** Opening EXERCISE DATA block **

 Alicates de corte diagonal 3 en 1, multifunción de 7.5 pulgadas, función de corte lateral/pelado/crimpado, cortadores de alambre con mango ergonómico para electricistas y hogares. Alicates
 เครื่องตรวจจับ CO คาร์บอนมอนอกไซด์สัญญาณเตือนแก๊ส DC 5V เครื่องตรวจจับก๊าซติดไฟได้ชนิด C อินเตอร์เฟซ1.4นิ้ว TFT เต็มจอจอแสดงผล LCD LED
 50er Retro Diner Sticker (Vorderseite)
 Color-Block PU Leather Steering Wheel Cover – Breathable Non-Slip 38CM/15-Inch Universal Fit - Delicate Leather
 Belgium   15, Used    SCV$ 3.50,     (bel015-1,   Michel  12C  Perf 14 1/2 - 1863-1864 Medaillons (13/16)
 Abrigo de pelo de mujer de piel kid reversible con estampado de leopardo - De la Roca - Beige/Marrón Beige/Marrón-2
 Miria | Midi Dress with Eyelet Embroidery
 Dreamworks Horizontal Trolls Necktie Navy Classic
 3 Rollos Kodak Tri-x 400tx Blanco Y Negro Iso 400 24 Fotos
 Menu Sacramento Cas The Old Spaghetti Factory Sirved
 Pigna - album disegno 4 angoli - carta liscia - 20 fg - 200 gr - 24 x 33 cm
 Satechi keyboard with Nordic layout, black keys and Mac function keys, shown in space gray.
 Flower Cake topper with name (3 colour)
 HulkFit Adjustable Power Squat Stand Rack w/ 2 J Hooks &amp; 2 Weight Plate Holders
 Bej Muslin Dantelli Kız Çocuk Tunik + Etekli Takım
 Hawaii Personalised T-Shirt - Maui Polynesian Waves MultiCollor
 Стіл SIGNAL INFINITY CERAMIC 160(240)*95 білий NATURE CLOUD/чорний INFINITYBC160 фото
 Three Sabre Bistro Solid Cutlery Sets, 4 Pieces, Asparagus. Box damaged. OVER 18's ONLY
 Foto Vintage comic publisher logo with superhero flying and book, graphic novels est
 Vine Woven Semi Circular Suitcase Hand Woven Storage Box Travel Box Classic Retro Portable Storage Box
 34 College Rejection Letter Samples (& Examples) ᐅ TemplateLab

** Closing EXERCISE DATA block **

# [TASK TO COMPLETE]
Write out, unaltered, the lines from the opening of the listing through the line that includes "50er Retro Diner Sticker (Vorderseite)".

# [OUTPUT FOR THIS EXERCISE]
 Alicates de corte diagonal 3 en 1, multifunción de 7.5 pulgadas, función de corte lateral/pelado/crimpado, cortadores de alambre con mango ergonómico para electricistas y hogares. Alicates
 เครื่องตรวจจับ CO คาร์บอนมอนอกไซด์สัญญาณเตือนแก๊ส DC 5V เครื่องตรวจจับก๊าซติดไฟได้ชนิด C อินเตอร์เฟซ1.4นิ้ว TFT เต็มจอจอแสดงผล LCD LED
 50er Retro Diner Sticker (Vorderseite)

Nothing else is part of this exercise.